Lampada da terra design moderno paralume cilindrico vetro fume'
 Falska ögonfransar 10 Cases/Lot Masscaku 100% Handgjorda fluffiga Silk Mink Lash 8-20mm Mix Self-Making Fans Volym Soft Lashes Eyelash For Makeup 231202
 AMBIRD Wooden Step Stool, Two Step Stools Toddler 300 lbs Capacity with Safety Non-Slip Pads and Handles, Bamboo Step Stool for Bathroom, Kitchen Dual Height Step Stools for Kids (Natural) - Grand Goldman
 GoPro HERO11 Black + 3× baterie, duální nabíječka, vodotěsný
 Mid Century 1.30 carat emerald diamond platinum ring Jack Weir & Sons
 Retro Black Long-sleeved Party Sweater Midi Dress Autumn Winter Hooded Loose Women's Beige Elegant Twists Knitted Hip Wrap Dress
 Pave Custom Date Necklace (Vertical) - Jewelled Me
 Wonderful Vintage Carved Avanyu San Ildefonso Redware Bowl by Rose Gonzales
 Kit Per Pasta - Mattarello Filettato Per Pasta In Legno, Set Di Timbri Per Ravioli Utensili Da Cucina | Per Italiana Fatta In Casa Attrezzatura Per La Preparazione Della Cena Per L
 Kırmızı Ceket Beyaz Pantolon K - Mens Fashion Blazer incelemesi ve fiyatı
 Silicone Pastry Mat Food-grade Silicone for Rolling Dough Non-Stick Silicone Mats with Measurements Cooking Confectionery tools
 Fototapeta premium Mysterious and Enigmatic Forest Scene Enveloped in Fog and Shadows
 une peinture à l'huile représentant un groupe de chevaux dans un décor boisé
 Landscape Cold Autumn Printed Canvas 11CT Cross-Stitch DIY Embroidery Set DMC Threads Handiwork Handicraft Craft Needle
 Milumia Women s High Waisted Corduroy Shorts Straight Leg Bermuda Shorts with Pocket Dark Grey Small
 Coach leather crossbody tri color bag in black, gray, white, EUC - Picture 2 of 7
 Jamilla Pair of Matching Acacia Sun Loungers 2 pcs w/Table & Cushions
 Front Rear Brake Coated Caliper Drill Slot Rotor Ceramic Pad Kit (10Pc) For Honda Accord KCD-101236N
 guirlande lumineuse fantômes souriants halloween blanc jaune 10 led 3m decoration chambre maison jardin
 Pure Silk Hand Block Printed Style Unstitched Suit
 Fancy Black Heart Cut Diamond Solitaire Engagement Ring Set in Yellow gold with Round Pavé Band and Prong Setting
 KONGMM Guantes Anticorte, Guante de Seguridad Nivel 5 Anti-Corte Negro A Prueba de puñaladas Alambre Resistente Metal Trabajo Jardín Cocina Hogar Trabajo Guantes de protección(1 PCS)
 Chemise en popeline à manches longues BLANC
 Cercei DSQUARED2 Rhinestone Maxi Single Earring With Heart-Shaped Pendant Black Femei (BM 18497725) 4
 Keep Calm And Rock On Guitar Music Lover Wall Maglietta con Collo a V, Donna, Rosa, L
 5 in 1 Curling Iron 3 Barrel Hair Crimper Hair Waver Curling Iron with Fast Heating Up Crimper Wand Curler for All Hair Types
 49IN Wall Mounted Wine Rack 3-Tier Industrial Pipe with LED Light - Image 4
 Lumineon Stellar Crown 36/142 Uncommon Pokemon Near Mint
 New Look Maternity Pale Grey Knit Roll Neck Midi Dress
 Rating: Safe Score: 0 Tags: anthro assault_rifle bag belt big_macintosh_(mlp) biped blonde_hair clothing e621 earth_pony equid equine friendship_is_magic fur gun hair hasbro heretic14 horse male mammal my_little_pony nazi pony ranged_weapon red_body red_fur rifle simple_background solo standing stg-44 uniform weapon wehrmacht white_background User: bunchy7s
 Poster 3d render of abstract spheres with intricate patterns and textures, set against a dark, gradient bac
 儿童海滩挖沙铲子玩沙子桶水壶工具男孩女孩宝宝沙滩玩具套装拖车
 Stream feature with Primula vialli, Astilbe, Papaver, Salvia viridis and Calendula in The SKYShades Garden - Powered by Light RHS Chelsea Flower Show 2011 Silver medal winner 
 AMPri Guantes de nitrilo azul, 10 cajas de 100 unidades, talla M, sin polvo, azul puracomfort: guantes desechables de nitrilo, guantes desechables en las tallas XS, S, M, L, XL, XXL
----------------------------------------
* WORK TASK
Copy only this part of the entries above: the line with "Kit Per Pasta", the line with "Pure Silk Hand", and the lines between, all exactly as written.

* WRITTEN REPLY
 Kit Per Pasta - Mattarello Filettato Per Pasta In Legno, Set Di Timbri Per Ravioli Utensili Da Cucina | Per Italiana Fatta In Casa Attrezzatura Per La Preparazione Della Cena Per L
 Kırmızı Ceket Beyaz Pantolon K - Mens Fashion Blazer incelemesi ve fiyatı
 Silicone Pastry Mat Food-grade Silicone for Rolling Dough Non-Stick Silicone Mats with Measurements Cooking Confectionery tools
 Fototapeta premium Mysterious and Enigmatic Forest Scene Enveloped in Fog and Shadows
 une peinture à l'huile représentant un groupe de chevaux dans un décor boisé
 Landscape Cold Autumn Printed Canvas 11CT Cross-Stitch DIY Embroidery Set DMC Threads Handiwork Handicraft Craft Needle
 Milumia Women s High Waisted Corduroy Shorts Straight Leg Bermuda Shorts with Pocket Dark Grey Small
 Coach leather crossbody tri color bag in black, gray, white, EUC - Picture 2 of 7
 Jamilla Pair of Matching Acacia Sun Loungers 2 pcs w/Table & Cushions
 Front Rear Brake Coated Caliper Drill Slot Rotor Ceramic Pad Kit (10Pc) For Honda Accord KCD-101236N
 guirlande lumineuse fantômes souriants halloween blanc jaune 10 led 3m decoration chambre maison jardin
 Pure Silk Hand Block Printed Style Unstitched Suit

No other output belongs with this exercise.